• [Information supplied]

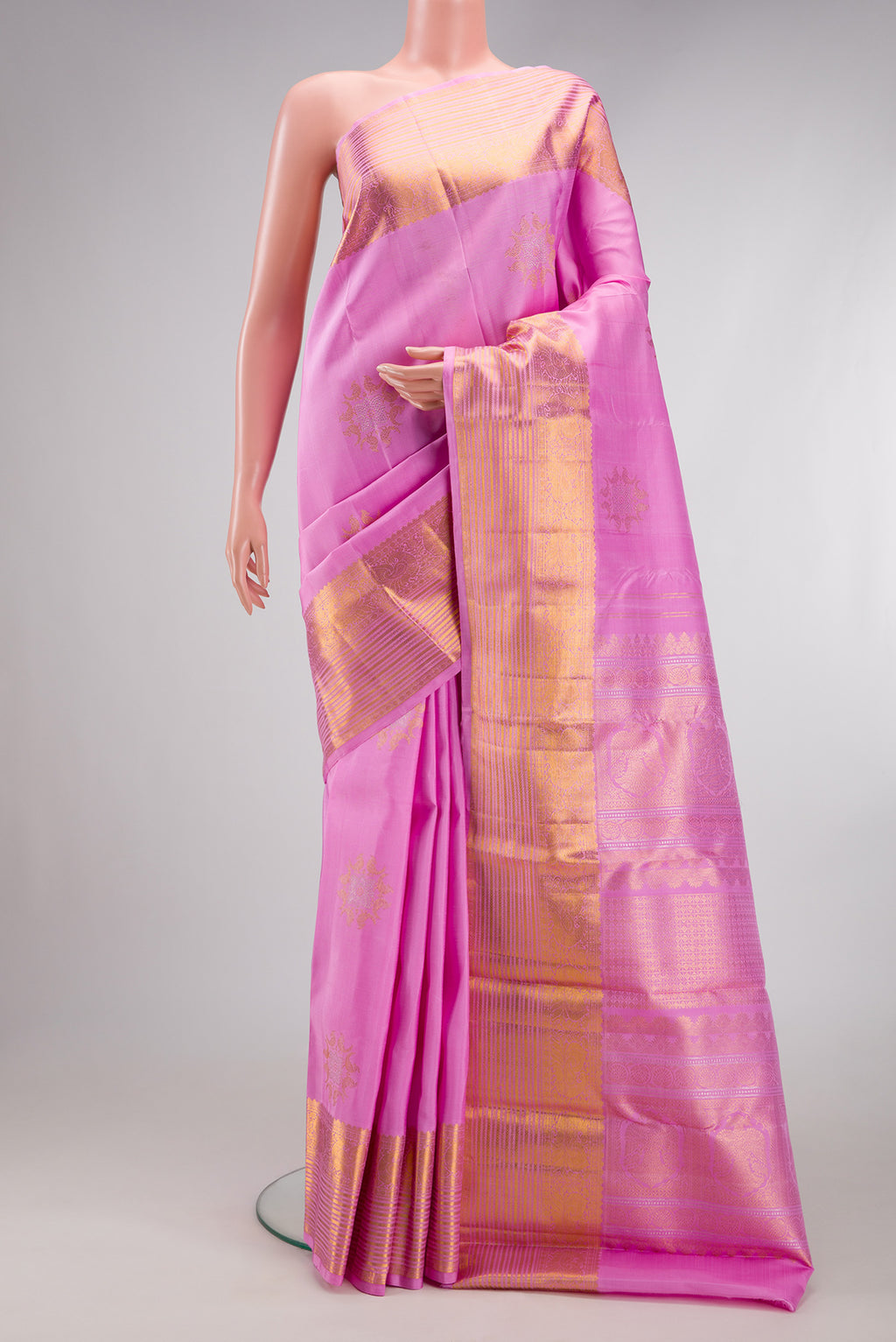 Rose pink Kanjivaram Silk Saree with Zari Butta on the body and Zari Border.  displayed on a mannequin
==
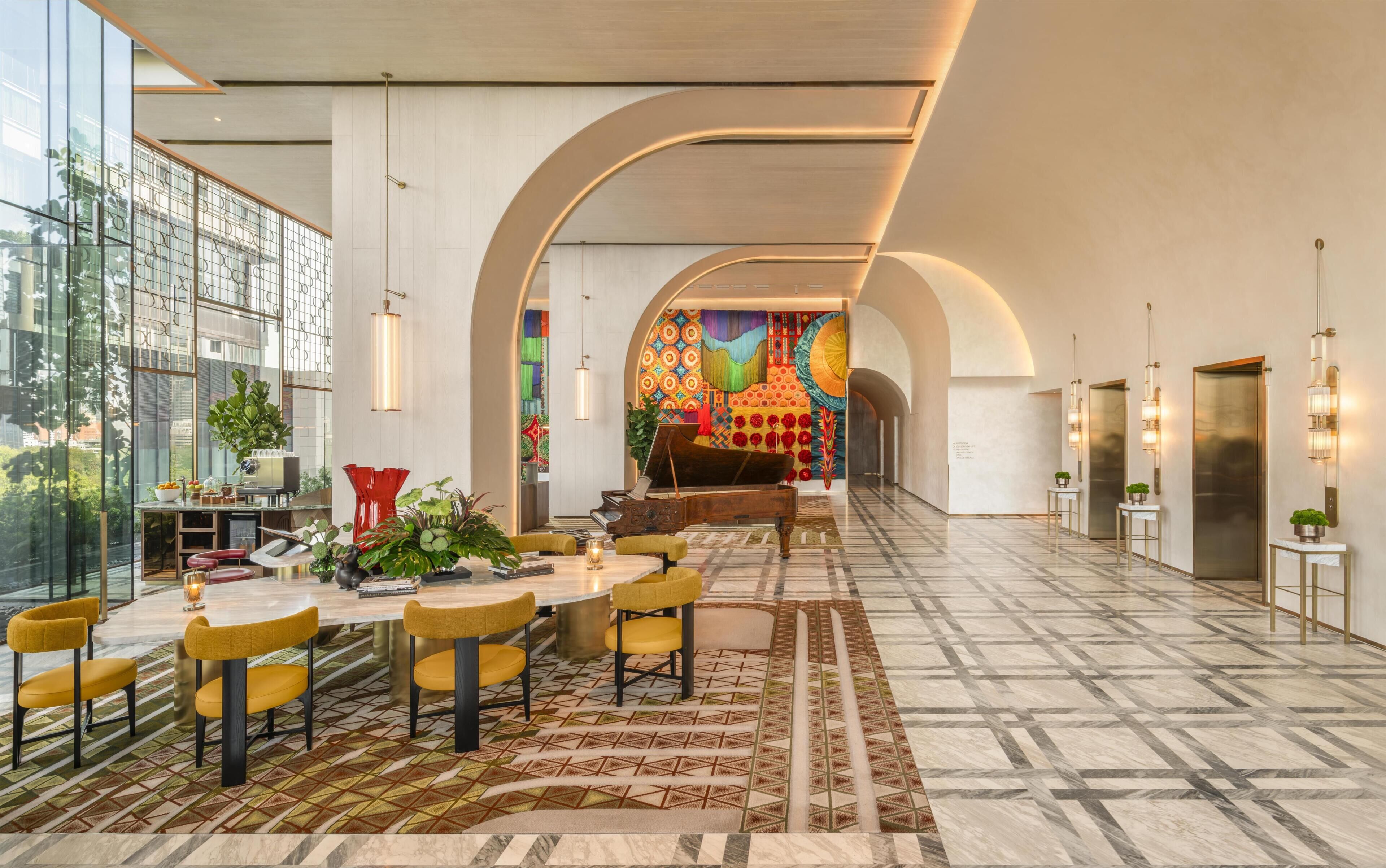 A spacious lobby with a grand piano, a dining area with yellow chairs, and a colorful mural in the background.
* * *
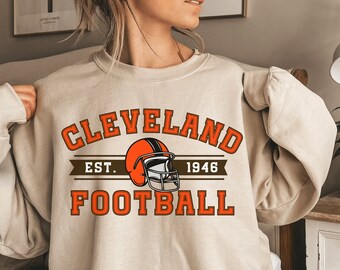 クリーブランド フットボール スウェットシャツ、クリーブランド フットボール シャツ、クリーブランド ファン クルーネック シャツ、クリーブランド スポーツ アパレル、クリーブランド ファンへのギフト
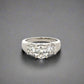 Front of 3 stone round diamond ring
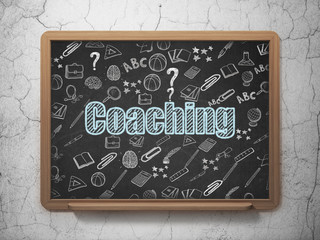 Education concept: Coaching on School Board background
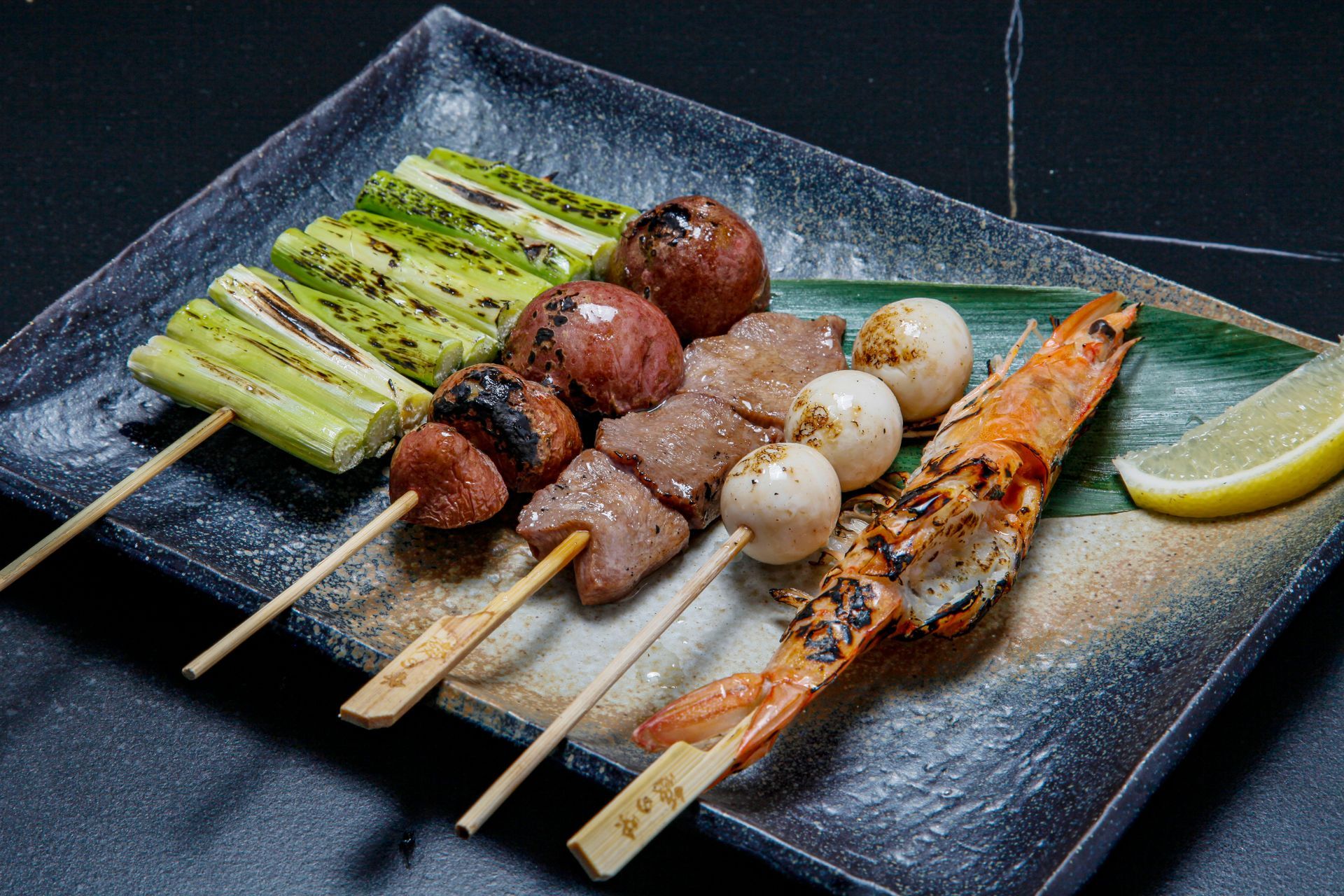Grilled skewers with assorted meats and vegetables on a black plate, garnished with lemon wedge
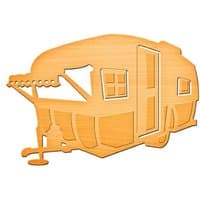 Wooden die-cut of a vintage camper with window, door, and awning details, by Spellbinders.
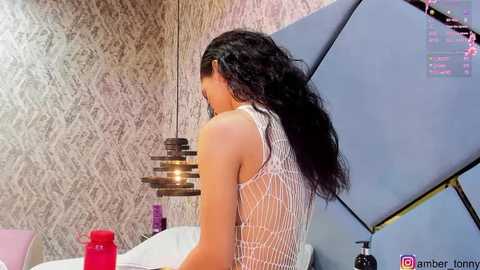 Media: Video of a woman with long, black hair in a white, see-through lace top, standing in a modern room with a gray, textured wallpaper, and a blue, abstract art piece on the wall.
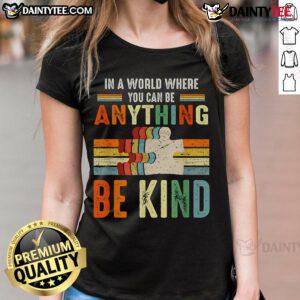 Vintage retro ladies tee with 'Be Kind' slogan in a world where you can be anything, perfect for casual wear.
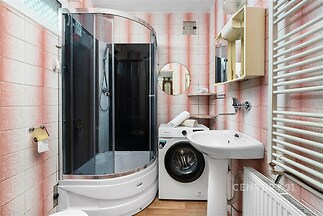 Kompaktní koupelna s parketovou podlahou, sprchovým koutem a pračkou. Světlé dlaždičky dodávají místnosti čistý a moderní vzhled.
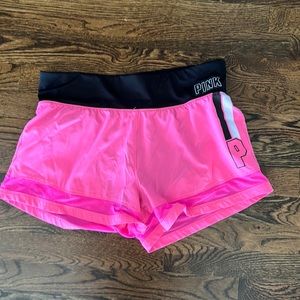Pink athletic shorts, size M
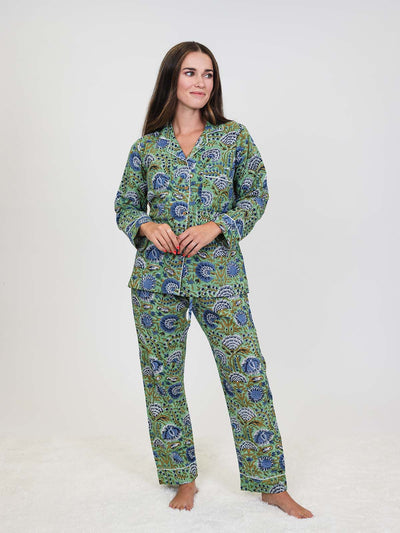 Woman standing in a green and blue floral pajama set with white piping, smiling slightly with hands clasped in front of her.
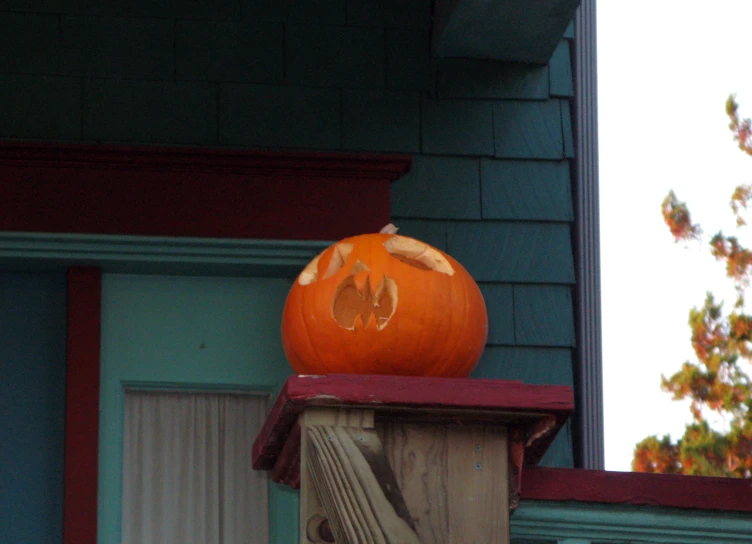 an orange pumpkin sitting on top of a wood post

• [Task to carry out]
When you reach the line containing "Vintage retro ladies" in the entries above, begin restating word for word, and stop once the line containing "an orange pumpkin" has been given. Omit the pictures.

• [Written solution]
 Vintage retro ladies tee with 'Be Kind' slogan in a world where you can be anything, perfect for casual wear.
 Kompaktní koupelna s parketovou podlahou, sprchovým koutem a pračkou. Světlé dlaždičky dodávají místnosti čistý a moderní vzhled.
Pink athletic shorts, size M
 Woman standing in a green and blue floral pajama set with white piping, smiling slightly with hands clasped in front of her.
 an orange pumpkin sitting on top of a wood post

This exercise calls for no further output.